2.2. Parameterization of the Mechanistic Model

Surfactant–polymer (SP) flooding implemented in the Guantao Formation of Bo 72 Block, Gudao Oilfield demonstrated favorable development performance. Reservoir parameters for this block are presented in Table 2. The polymer concentration employed in the SP flooding operation was 2000 mg/L with a surfactant concentration of 0.45%, consistent with previously reported research [16]. Utilizing these established operational parameters, numerical simulation of the SP flooding process was conducted to quantify critical chemical properties. Polymer behavior was characterized by concentration-dependent viscosity variation and adsorption effects, whereas surfactant properties primarily included interfacial tension reduction and adsorption characteristics. Figure 1 displays history matching results between simulated and field water-cut data under constant liquid production rate conditions. Key chemical parameters used in the simulation are compiled in Figure 2 as well as Table 3 and Table 4, which will be incorporated into subsequent mechanistic modeling.

3. Geological Overview

The Gudao Oilfield is located in the eastern Zhanhua Sag of the Jiyang Depression, Bohai Bay Basin. Influenced by Yanshanian and Himalayan tectonic activities, it has developed a half-graben dustpan-shaped faulted structure characterized by northern faulting and southern overlap [7,17,18,19,20]. The study area is situated in the southern Bo 72 Unit of the Gudao Oilfield. Figure 3 presents the structural location map of the study area. Drilling data reveal six major oil-bearing formations from top to bottom: Minghuazhen Formation, Guantao Formation, Dongying Formation, and Shahejie Formation. The Guantao Formation, at a burial depth of approximately 1150 m, has long been a critical target for hydrocarbon exploration and development, exhibiting alternating deposition of braided river and meandering river facies [21,22,23].
The studied interval (Guantao 3–4 Members) comprises meandering river deposits dominated by point bar sand bodies. These reservoirs generally exhibit positive rhythm sequences characterized by upward-fining grain size and upward-thinning layer thickness, demonstrating distinct binary structural features. The lithofacies show complex and diverse characteristics. Reservoir porosity ranges from 22.3% to 39.8% (average 32.9%), while permeability varies between 100 and 20,000 mD (average 1350 mD), classifying them as ultra-high porosity and ultra-high permeability reservoirs [1,6,24]. Different lithofacies types within point bars present varying pore structures and permeability characteristics, resulting in reservoir property heterogeneity. This heterogeneity further influences hydrocarbon migration and accumulation during development, forming complex remaining oil distribution patterns. The remaining oil distribution becomes increasingly scattered and difficult to extract.

4. Results

4.1. Lithofacies Types and Characteristics

4.1.1. Lithofacies Classification Scheme

The term “lithofacies” is now widely adopted in geological studies [25,26,27,28]. This study employs Feng Zengzhao’s definition of “facies” [28]. Observations from six coring wells (297 m total core length), grain size analysis, and mercury injection analysis in the Bo 72 Unit reveal that the meandering river depositional system primarily develops fine sandstone, followed by medium sandstone, siltstone, and argillaceous siltstone. Sedimentary structures are dominated by parallel bedding and cross-bedding, with grain size probability curves exhibiting a two-segment pattern. Based on lithology, grain size, and sedimentary structures, the meandering river point bar sand bodies in the Bo 72 Unit are classified into three lithofacies: point bar medium sandstone facies, point bar fine sandstone facies, and point bar siltstone facies.

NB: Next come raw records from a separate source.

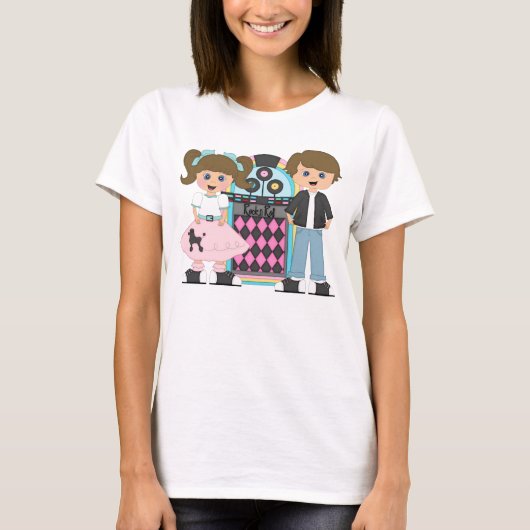 Brunette Sock Hop T-Shirt (Voorkant)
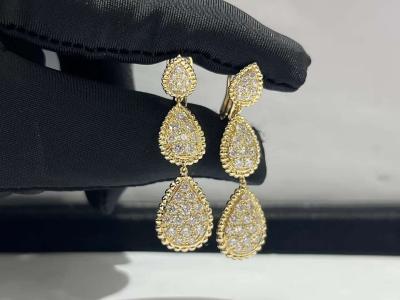 China Joyería de lujo de la marca del deseo de la joyería de Real Diamond Jewelry Luxury Diamond Earrings del fabricante de la joyería de China en venta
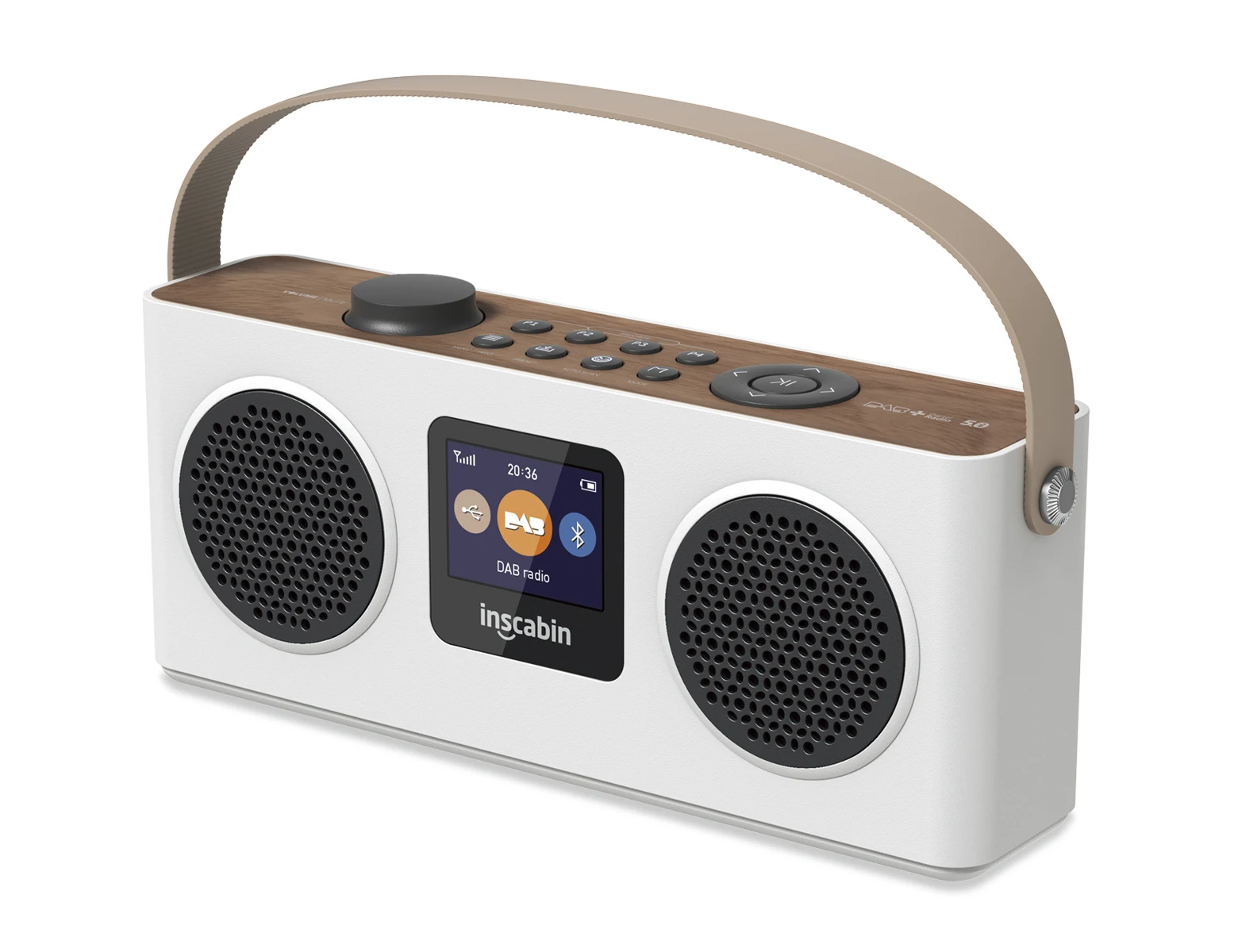 Inscabin D2/D4 Internet Digital Radio, Internet Radio/Digital Radio with  Spotify Connect and Bluetooth/Colour Screen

4.1.2. Characteristics of the Point Bar Medium Sandstone Facies

The point bar medium sandstone facies, as the basal unit of meandering river point bar sand bodies, occupies the lowermost layer of the vertical sedimentary sequence and exhibits the highest porosity and permeability among the three lithofacies types (porosity: 34–40%, average 37.2%; permeability: 2500–20,000 mD, average 8500 mD). Figure 4 presents the macroscopic characteristics of the point bar medium sandstone facies. In terms of sedimentary structures, this facies is dominated by massive bedding with indistinct stratification, indicating rapid sediment accumulation under high-energy flow conditions [29]. This contrasts notably with the diverse bedding types in the fine-grained sandstone facies and the low-angle cross-stratification characteristic of the siltstone facies within the point bar system. Regarding contact relationships, this facies shows abrupt contact with underlying mudstone, reflecting a swift transition from low-energy muddy to high-energy sandy depositional environments.
From sediment dynamic parameters, this facies features relatively coarse grain sizes ranging from 0.25 mm to 0.54 mm (average 0.38 mm). Figure 5 presents the microscopic characteristics of the point bar medium sandstone facies. Its grain size probability curve displays a typical two-segment pattern, suggesting strong hydrodynamic transport and depositional processes.
Pore-throat structure analysis reveals well-developed intergranular pores with favorable connectivity as observed in Figure 5b. The mercury injection curve exhibits a broad, gentle platform (displacement pressure < 0.015 MPa) as observed in Figure 5c, with an average pore-throat radius of 21.8 μm and a maximum connected pore-throat radius of 52.48 μm as observed in Figure 5d. The high proportion of large pore throats contributes significantly to enhanced flow capacity.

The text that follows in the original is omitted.